Web page caption snippets -
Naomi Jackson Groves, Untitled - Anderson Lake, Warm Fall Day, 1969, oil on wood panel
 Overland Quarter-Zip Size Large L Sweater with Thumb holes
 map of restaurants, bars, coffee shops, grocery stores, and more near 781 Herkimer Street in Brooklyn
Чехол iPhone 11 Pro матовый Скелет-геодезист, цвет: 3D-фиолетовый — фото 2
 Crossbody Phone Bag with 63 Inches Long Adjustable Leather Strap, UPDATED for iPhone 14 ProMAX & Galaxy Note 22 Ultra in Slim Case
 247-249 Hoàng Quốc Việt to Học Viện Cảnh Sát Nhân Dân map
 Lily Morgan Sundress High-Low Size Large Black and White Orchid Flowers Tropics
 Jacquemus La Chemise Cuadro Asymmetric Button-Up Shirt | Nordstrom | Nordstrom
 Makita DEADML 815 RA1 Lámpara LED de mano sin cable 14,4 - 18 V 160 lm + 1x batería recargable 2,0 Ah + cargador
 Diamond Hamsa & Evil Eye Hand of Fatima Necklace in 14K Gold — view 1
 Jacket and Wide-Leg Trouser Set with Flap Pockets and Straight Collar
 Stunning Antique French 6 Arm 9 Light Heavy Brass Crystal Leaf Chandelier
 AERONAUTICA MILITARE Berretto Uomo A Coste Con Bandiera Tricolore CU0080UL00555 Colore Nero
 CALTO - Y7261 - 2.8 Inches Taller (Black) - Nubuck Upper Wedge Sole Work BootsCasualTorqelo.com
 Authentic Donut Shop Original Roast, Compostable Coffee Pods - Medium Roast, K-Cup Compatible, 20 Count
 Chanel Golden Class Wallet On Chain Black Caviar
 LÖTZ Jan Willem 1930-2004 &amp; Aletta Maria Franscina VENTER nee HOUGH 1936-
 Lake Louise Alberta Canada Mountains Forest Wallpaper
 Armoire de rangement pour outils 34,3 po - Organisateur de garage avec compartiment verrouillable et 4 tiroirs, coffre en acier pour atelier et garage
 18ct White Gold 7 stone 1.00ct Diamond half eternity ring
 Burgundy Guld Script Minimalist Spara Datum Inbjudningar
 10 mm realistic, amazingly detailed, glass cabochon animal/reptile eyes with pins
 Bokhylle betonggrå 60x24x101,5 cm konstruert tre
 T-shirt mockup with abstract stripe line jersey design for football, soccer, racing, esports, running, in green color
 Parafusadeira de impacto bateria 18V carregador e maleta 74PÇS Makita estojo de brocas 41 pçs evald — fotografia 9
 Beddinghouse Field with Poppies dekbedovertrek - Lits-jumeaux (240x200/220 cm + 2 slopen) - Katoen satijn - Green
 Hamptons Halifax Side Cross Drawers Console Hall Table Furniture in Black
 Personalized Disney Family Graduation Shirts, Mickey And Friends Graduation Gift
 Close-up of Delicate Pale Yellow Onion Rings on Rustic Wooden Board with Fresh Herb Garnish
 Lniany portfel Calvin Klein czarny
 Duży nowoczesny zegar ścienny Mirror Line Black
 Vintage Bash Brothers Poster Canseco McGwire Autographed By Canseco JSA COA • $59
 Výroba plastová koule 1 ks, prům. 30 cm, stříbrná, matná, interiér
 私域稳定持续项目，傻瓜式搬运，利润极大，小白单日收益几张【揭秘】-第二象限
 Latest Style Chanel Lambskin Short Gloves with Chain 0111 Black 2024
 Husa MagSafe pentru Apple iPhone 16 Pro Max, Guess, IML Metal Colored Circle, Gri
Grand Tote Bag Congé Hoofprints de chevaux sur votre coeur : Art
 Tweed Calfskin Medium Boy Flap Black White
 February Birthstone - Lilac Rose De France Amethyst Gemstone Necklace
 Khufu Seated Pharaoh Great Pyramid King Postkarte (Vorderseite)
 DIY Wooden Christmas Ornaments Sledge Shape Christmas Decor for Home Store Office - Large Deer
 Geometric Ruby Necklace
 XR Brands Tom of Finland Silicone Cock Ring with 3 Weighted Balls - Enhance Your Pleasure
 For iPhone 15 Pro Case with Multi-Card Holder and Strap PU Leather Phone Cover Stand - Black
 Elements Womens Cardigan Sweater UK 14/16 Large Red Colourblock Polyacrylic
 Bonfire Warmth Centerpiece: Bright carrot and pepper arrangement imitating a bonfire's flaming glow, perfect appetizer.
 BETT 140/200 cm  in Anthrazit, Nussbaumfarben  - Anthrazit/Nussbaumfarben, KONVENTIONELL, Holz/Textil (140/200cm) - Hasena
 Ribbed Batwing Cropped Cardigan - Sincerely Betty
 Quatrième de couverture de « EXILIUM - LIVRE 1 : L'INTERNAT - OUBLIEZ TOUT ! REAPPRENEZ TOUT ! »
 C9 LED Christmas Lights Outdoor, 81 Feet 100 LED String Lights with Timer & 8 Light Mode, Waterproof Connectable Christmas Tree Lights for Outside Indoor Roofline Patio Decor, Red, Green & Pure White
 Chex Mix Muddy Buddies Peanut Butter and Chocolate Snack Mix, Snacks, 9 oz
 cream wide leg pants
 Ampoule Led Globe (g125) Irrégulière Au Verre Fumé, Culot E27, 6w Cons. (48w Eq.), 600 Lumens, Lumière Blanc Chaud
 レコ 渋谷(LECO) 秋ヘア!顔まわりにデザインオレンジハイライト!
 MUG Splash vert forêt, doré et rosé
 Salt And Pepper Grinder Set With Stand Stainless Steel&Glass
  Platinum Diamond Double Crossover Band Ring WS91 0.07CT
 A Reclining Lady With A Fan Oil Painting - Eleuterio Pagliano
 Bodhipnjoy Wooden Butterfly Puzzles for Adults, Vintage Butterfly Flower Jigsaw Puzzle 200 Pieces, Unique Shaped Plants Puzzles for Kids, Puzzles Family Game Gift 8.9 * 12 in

What you have to do - Each entry above needs to be returned exactly as written.

Result of this task -
Naomi Jackson Groves, Untitled - Anderson Lake, Warm Fall Day, 1969, oil on wood panel
 Overland Quarter-Zip Size Large L Sweater with Thumb holes
 map of restaurants, bars, coffee shops, grocery stores, and more near 781 Herkimer Street in Brooklyn
Чехол iPhone 11 Pro матовый Скелет-геодезист, цвет: 3D-фиолетовый — фото 2
 Crossbody Phone Bag with 63 Inches Long Adjustable Leather Strap, UPDATED for iPhone 14 ProMAX & Galaxy Note 22 Ultra in Slim Case
 247-249 Hoàng Quốc Việt to Học Viện Cảnh Sát Nhân Dân map
 Lily Morgan Sundress High-Low Size Large Black and White Orchid Flowers Tropics
 Jacquemus La Chemise Cuadro Asymmetric Button-Up Shirt | Nordstrom | Nordstrom
 Makita DEADML 815 RA1 Lámpara LED de mano sin cable 14,4 - 18 V 160 lm + 1x batería recargable 2,0 Ah + cargador
 Diamond Hamsa & Evil Eye Hand of Fatima Necklace in 14K Gold — view 1
 Jacket and Wide-Leg Trouser Set with Flap Pockets and Straight Collar
 Stunning Antique French 6 Arm 9 Light Heavy Brass Crystal Leaf Chandelier
 AERONAUTICA MILITARE Berretto Uomo A Coste Con Bandiera Tricolore CU0080UL00555 Colore Nero
 CALTO - Y7261 - 2.8 Inches Taller (Black) - Nubuck Upper Wedge Sole Work BootsCasualTorqelo.com
 Authentic Donut Shop Original Roast, Compostable Coffee Pods - Medium Roast, K-Cup Compatible, 20 Count
 Chanel Golden Class Wallet On Chain Black Caviar
 LÖTZ Jan Willem 1930-2004 &amp; Aletta Maria Franscina VENTER nee HOUGH 1936-
 Lake Louise Alberta Canada Mountains Forest Wallpaper
 Armoire de rangement pour outils 34,3 po - Organisateur de garage avec compartiment verrouillable et 4 tiroirs, coffre en acier pour atelier et garage
 18ct White Gold 7 stone 1.00ct Diamond half eternity ring
 Burgundy Guld Script Minimalist Spara Datum Inbjudningar
 10 mm realistic, amazingly detailed, glass cabochon animal/reptile eyes with pins
 Bokhylle betonggrå 60x24x101,5 cm konstruert tre
 T-shirt mockup with abstract stripe line jersey design for football, soccer, racing, esports, running, in green color
 Parafusadeira de impacto bateria 18V carregador e maleta 74PÇS Makita estojo de brocas 41 pçs evald — fotografia 9
 Beddinghouse Field with Poppies dekbedovertrek - Lits-jumeaux (240x200/220 cm + 2 slopen) - Katoen satijn - Green
 Hamptons Halifax Side Cross Drawers Console Hall Table Furniture in Black
 Personalized Disney Family Graduation Shirts, Mickey And Friends Graduation Gift
 Close-up of Delicate Pale Yellow Onion Rings on Rustic Wooden Board with Fresh Herb Garnish
 Lniany portfel Calvin Klein czarny
 Duży nowoczesny zegar ścienny Mirror Line Black
 Vintage Bash Brothers Poster Canseco McGwire Autographed By Canseco JSA COA • $59
 Výroba plastová koule 1 ks, prům. 30 cm, stříbrná, matná, interiér
 私域稳定持续项目，傻瓜式搬运，利润极大，小白单日收益几张【揭秘】-第二象限
 Latest Style Chanel Lambskin Short Gloves with Chain 0111 Black 2024
 Husa MagSafe pentru Apple iPhone 16 Pro Max, Guess, IML Metal Colored Circle, Gri
Grand Tote Bag Congé Hoofprints de chevaux sur votre coeur : Art
 Tweed Calfskin Medium Boy Flap Black White
 February Birthstone - Lilac Rose De France Amethyst Gemstone Necklace
 Khufu Seated Pharaoh Great Pyramid King Postkarte (Vorderseite)
 DIY Wooden Christmas Ornaments Sledge Shape Christmas Decor for Home Store Office - Large Deer
 Geometric Ruby Necklace
 XR Brands Tom of Finland Silicone Cock Ring with 3 Weighted Balls - Enhance Your Pleasure
 For iPhone 15 Pro Case with Multi-Card Holder and Strap PU Leather Phone Cover Stand - Black
 Elements Womens Cardigan Sweater UK 14/16 Large Red Colourblock Polyacrylic
 Bonfire Warmth Centerpiece: Bright carrot and pepper arrangement imitating a bonfire's flaming glow, perfect appetizer.
 BETT 140/200 cm  in Anthrazit, Nussbaumfarben  - Anthrazit/Nussbaumfarben, KONVENTIONELL, Holz/Textil (140/200cm) - Hasena
 Ribbed Batwing Cropped Cardigan - Sincerely Betty
 Quatrième de couverture de « EXILIUM - LIVRE 1 : L'INTERNAT - OUBLIEZ TOUT ! REAPPRENEZ TOUT ! »
 C9 LED Christmas Lights Outdoor, 81 Feet 100 LED String Lights with Timer & 8 Light Mode, Waterproof Connectable Christmas Tree Lights for Outside Indoor Roofline Patio Decor, Red, Green & Pure White
 Chex Mix Muddy Buddies Peanut Butter and Chocolate Snack Mix, Snacks, 9 oz
 cream wide leg pants
 Ampoule Led Globe (g125) Irrégulière Au Verre Fumé, Culot E27, 6w Cons. (48w Eq.), 600 Lumens, Lumière Blanc Chaud
 レコ 渋谷(LECO) 秋ヘア!顔まわりにデザインオレンジハイライト!
 MUG Splash vert forêt, doré et rosé
 Salt And Pepper Grinder Set With Stand Stainless Steel&Glass
  Platinum Diamond Double Crossover Band Ring WS91 0.07CT
 A Reclining Lady With A Fan Oil Painting - Eleuterio Pagliano
 Bodhipnjoy Wooden Butterfly Puzzles for Adults, Vintage Butterfly Flower Jigsaw Puzzle 200 Pieces, Unique Shaped Plants Puzzles for Kids, Puzzles Family Game Gift 8.9 * 12 in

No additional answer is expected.